Make employees’ well-being your top priority and be transparent
Employees want reassurance that their companies will put their people and safety first whenever possible, especially in difficult times.  Communicate this with employees and adapt your employee engagement programme to capture how they are feeling during this time, ask for feedback to find out what you can do to make them feel safe. 

Above all communicate what you are doing as an employer to keep them safe, make this visual so employees can see it around them and feel reassured.  Also use social media, intranet sites and internal online resources to communicate successes and next steps. 

Transparent and regular briefings will help employees to have a positive view of their employers and they are more likely to focus and re-engage with organisations vision and values.

Keep employees up-to-date with new Government guidelines and let them know how these measures are being implemented, what the timeline is, and how the measures will be monitored and enforced. They also need assurance that steps are being taken to update protocols and processes as the situation evolves.

Train and coach leaders, managers, and colleagues on how to support employees.
Leaders and managers will have much of the responsibility for ensuring a smooth return to the workplace. Ensure that these key people are trained and coached to be able to spot signs of anxiety and emotional distress and factor more time into their day to check on employees.

Armed with insights and feedback, managers can model needed behaviours and share them with their teams to support new ways of working.

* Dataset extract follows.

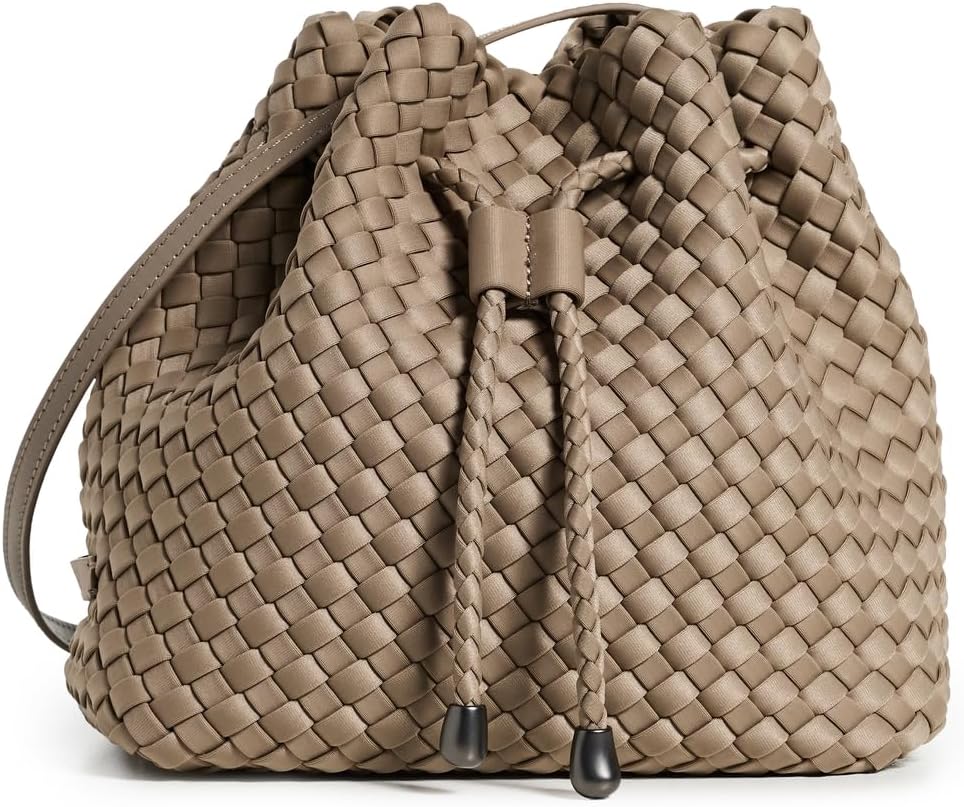 Women's Gramercy Medium Bucket Bag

Anxiety will be further reduced as employees re-engage with their colleagues through informal and formal support networks.  Quarantining and social distancing have meant that people have lost the very support systems and coping mechanisms that would otherwise have helped them weather the storm.  Ensure employees can initiate forums for reconnecting with one another as they adapt to the new normal.

Be flexible & open to change
Our large scale work-from-home deployment has shown it is possible to get work done not only remotely but on a variety of schedules that best accommodate people’s preferred working hours and personal commitments.

Employees expectations have risen and as workplaces reopen, employers can expect pressure to maintain this flexibility, particularly from those with children or who want to spend more time at home.

The challenge for employers is a not only a logistical one, with new operational layouts, but also requires a change in attitude and mindset from measuring performance by visibility and time spent at the desk to measuring on output and results. This may require employers to make changes to reporting structures and to adopt new management techniques. It is about placing more trust in the hands of the employee, showing confidence in their professionalism and flexing the job around the person rather than asking the person to fit an outdated and rigid structure.

The return to work offers a great opportunity for organisations to re-evaluate working models and to position to ensure that skilled employees are not discouraged to return. Indeed, the concept of flexible working is one that appeals to employees across the board – not just those returning from an extended period of time-off.  If the focus on returning employees triggers a change to a more flexible approach for all employees the result will be a workforce that is happier, more motivated and better-equipped to produce its best work.

This is a time of rapid change. How employers communicate with and support employees during this will undoubtedly impact productivity, and employees’ trust in their employers.